▶ _What the task requires_
Beginning at the line that holds "OʻZBEK SHEVALARINI TASNIFI" and continuing to the last line of the data below, transcribe every line word for word, without pictures.

------------------------------

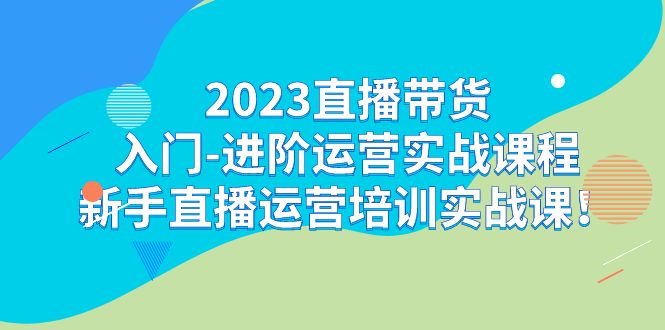 2023直播带货入门-进阶运营实战课程：新手直播运营培训实战课！-风歌资源网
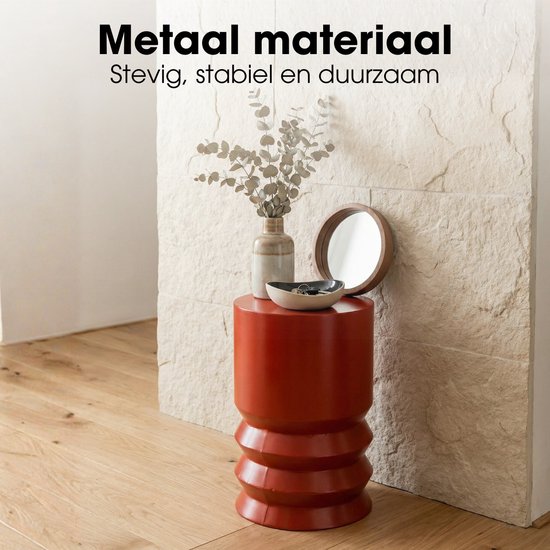 Mica Decorations Mart Bijzettafel – Bijzettafel Rond – Tafeltje – Koffietafel – Bijzet Tafel voor Woonkamer – Ook als Plantentafeltje of Plantenstandaard - Metaal – 46 x 30 cm – Rood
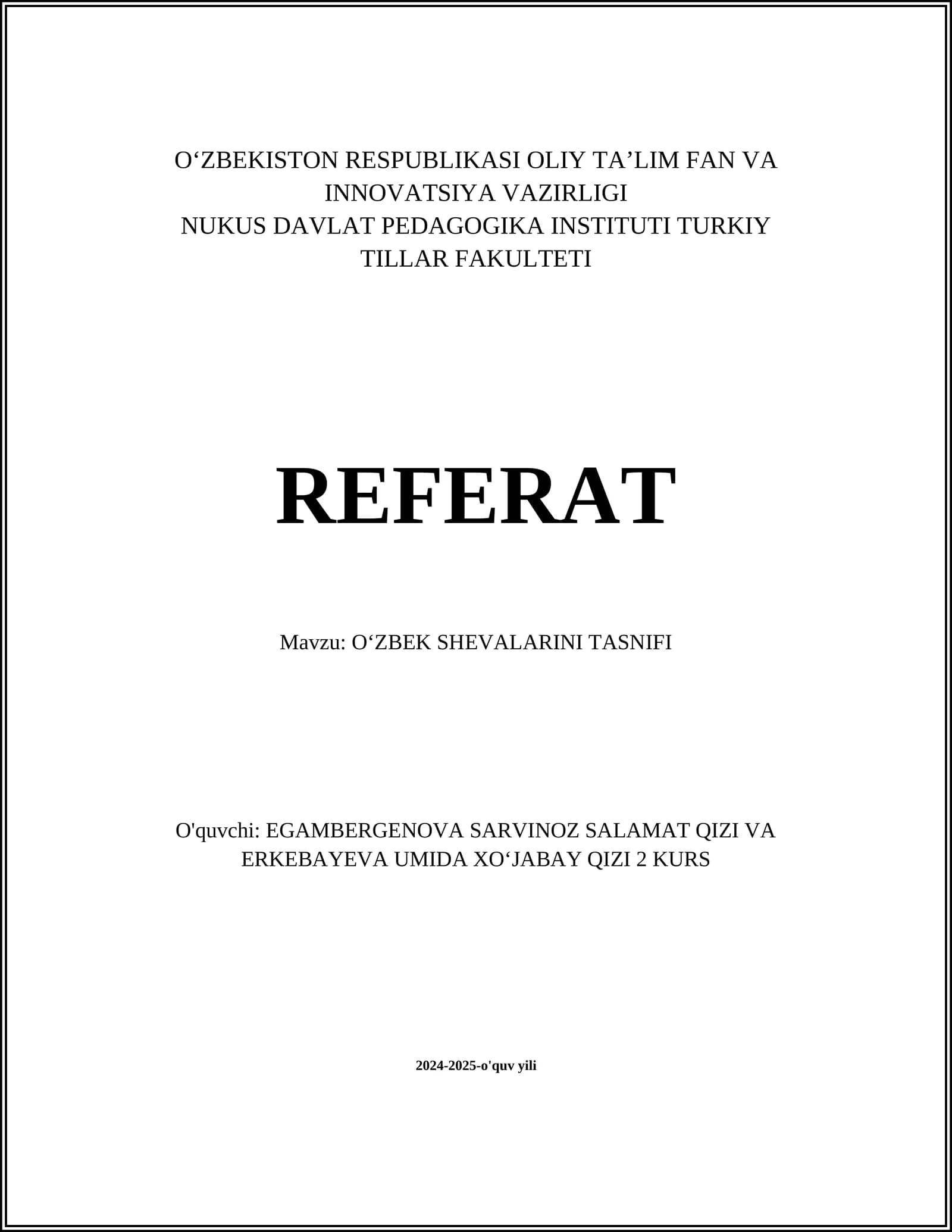 OʻZBEK SHEVALARINI TASNIFI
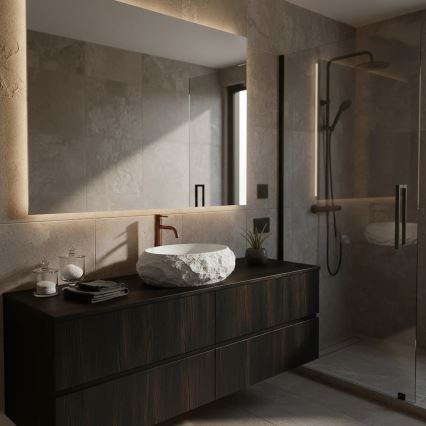 REA-U7350 - Virsmas uzstādāma izlietne MIKA 38x50 cm balta/akmens imitācija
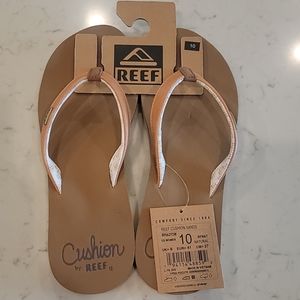 Reef leather flip flops size 10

------------------------------

▶ _Response_
 OʻZBEK SHEVALARINI TASNIFI
 REA-U7350 - Virsmas uzstādāma izlietne MIKA 38x50 cm balta/akmens imitācija
 Reef leather flip flops size 10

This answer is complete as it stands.